Часть первая. Малоизвестный художник
И. В.: Алексей Моргунов не дожил до самых печальных времён. Но ему уже пришлось ездить в командировки, писать стройки и у него есть официальный портрет Ворошилова… При этом он оставался художником, который находил интересные и актуальные решения. Если бы выставка была большой и проходила бы в тех залах, где только что закончилась выставка Васнецовых, если бы мы смогли свезти его вещи из разных стран, тогда бы все увидели, что это — незаурядный художник.

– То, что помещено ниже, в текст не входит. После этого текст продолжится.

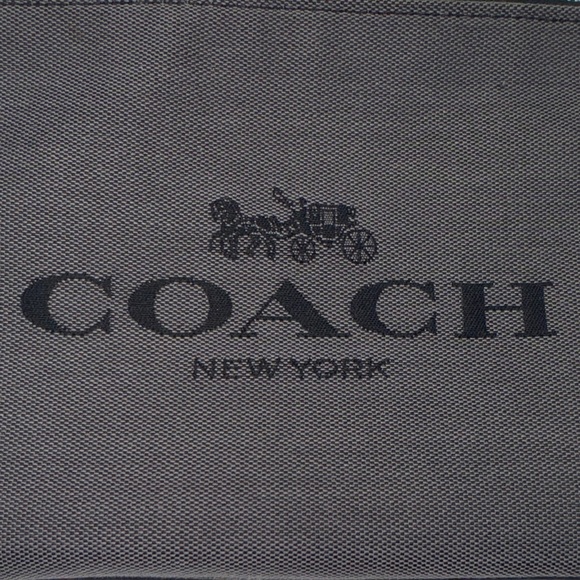 Coach Charcoal Twist lock Clutch with 1941 Hang Tag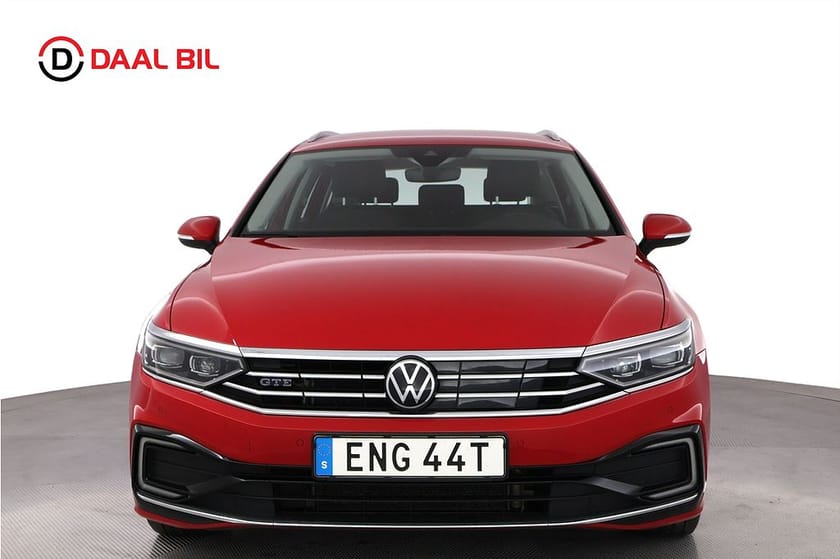Bild 2 av Volkswagen Passat Sportscombi GTE SC 1.4 TSI 218HK EXECUTIVE P-VÄRM DRAG B-KAMERA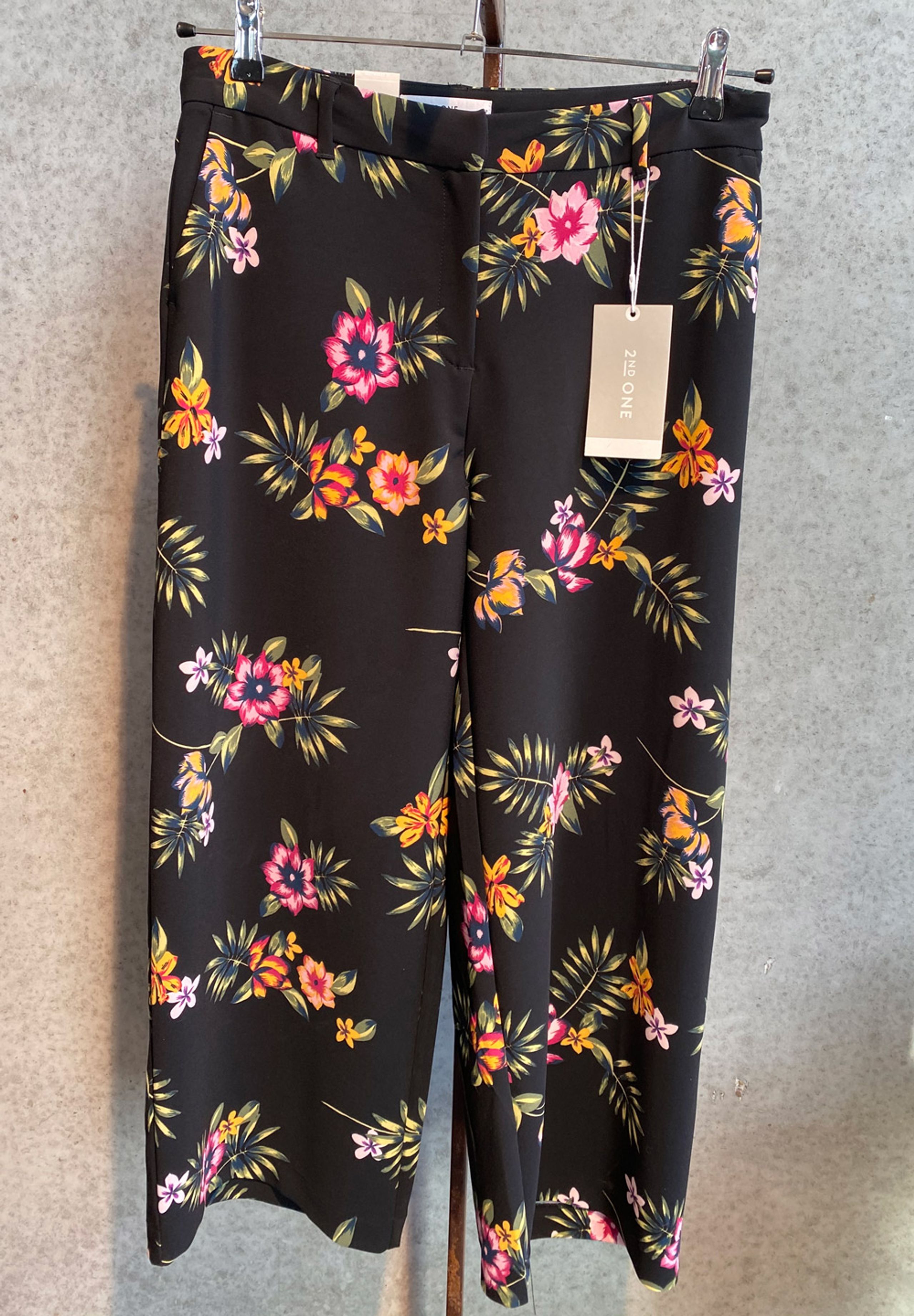 2nd One - Pants - Eloise - 881 Black Tropical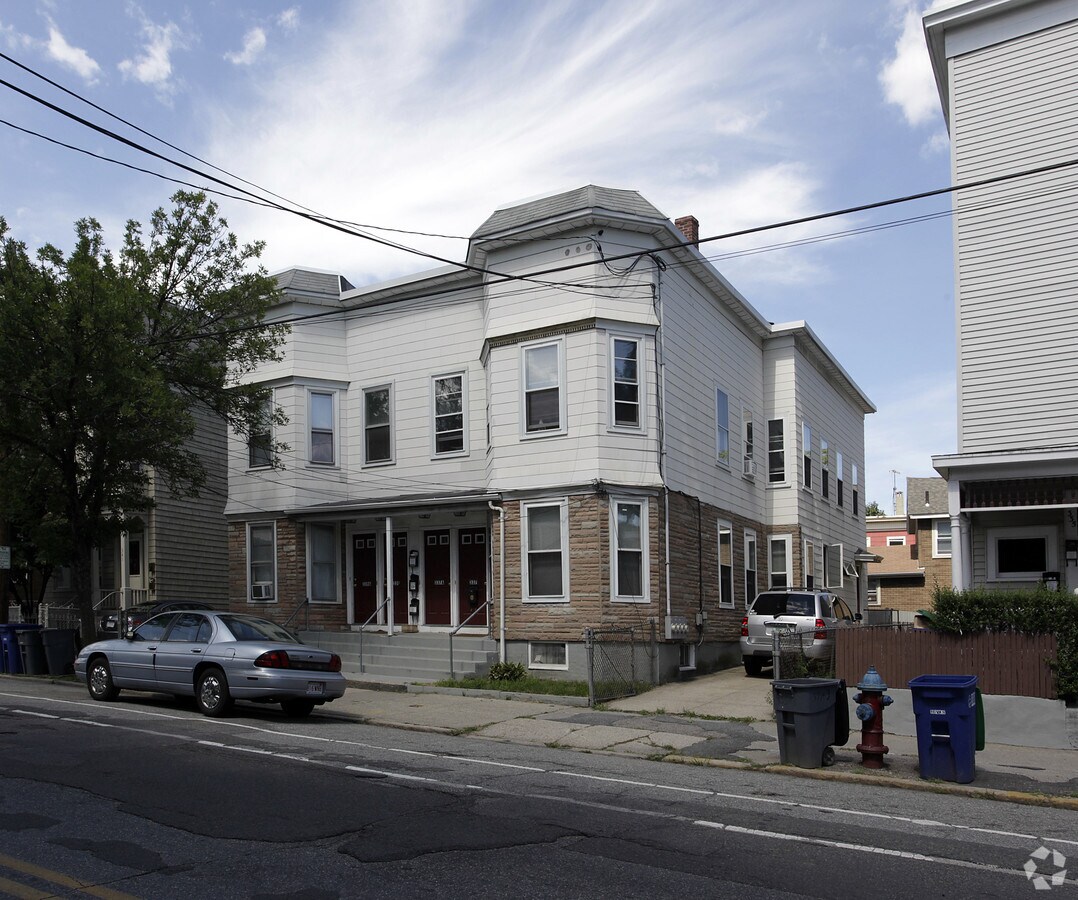 Photo - 337 Beacon St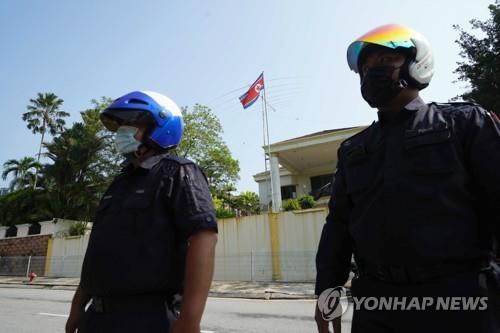 쿠알라룸푸르 북한 대사관 앞에 배치된 경찰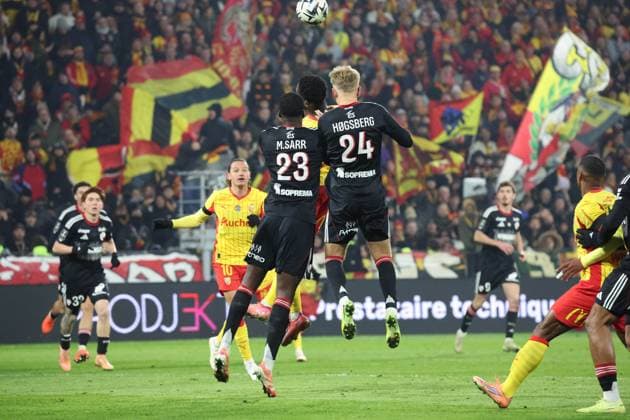 FOOTBALL : RC Lens vs RC Strasbourg - Ligue 1 J13 - 22 11 2025 Mamadou SARR (RC Strasbourg) et Lucas HOGSBERG (RC Strasbourg) lors du match RC Lens vs RC Strasbourg, Ligue 1 J13, stade Bollaert-Delelis, le 22 novembre 2025 - photo Laurent Sanson PsnewZ  Copyright: xLaurentxSANSONx xPsnewZx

Но для нас было важно, чтобы возник некоторый «звук» вокруг этого имени. Потому что оно неизвестно, как это ни странно, даже искусствоведам. Только специалисты по авангарду его знают и моментально реагируют. А другие искусствоведы, когда мы начали подготовку к выставке, спрашивали: кто это, откуда он, из какой среды? Мы отвечали: да это же сын Саврасова, его жена последняя, гражданская, мать Алексея Моргунова, жила во «вдовьем» доме, где сейчас научные сотрудники Третьяковки сидят, — и коллеги очень удивлялись.
— Почему же Моргунова мало знают?
И. В.: Потому что он не был конкурентноспособным — не по уровню таланта, а по боевитости характера. Он со всеми дружил. И он был единственным, кто дружил и с Татлиным, и с Малевичем, главными соперниками в авангарде. Такой удивительный человек! Он был, видимо, мягкий по натуре, застенчивый. Варвара Малахиева-Мирович* — она знала Моргунова в юные годы — пишет в своём дневнике, часть его мы приводим в каталоге, что от застенчивости Лёня (так она его называет) бывал иногда грубоват…

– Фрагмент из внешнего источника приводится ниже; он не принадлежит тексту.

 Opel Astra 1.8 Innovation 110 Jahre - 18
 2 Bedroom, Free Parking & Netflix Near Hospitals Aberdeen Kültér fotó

* Варвара Григорьевна Малахиева-Мирович (1869—1954) — поэт, редактор, театральный критик, переводчик. Её «Дневник», составляющий 180 тетрадей, хранится в Доме-музее Марины Цветаевой. (Прим. из каталога выставки «Алексей Моргунов. Среди первых».)
Из дневника В. Малахиевой-Мирович:
«Лёня Моргунов, 17 лет. Облик монастырского служки — худощавое, строгого выражения смуглое лицо, тёмные сосредоточенные глаза, негустые, гладкие волосы почти до плеч. Ходил в распускной синей блузе. Был до дикости застенчив, от застенчивости отрывисто-грубоват. Я и мои приятельницы были вдвое старше его. Его случайно познакомила со мной моя квартирохозяйка с целью продать мне или кому-нибудь через меня какой-то его эскиз. Это было, помнится, розовое, туманно-снежное зимнее поле и вдалеке на нём одинокие сани. Были и другие эскизы. Кое-что нам удалось продать. Лёня был очень беден…»
Он не был публичным человеком. Хотя он и выступал, и преподавал, но шума вокруг себя как-то вот не создал — не создал образа активного революционера в искусстве. Хотя он им был! Как и все авангардисты.
— На выставке, да и в каталоге, по-моему, только один автопортрет художника Моргунова. Вероятно, он не был романтиком, которому важно своё лицо. Он не всматривался в него.
И. В.: …Наверное.
— Но этот единственный «Автопортрет» — вещь ключевая, раз вы её на обложку каталога поместили. Или она просто хороша стилистически?
И. В.: Были разные предложения по обложке…
— К какому направлению эту работу отнести?
И. В.: Это — кубизм. Кубизм — это вообще какая-то логика, какой-то порядок. Поэтому у настоящих кубистов всегда можно понять, что изображено. Но Моргунов… Конечно, он знал Пикассо — во всяком случае, то, что было в собрании Сергея Ивановича Щукина в Москве. Но мыслил он иначе.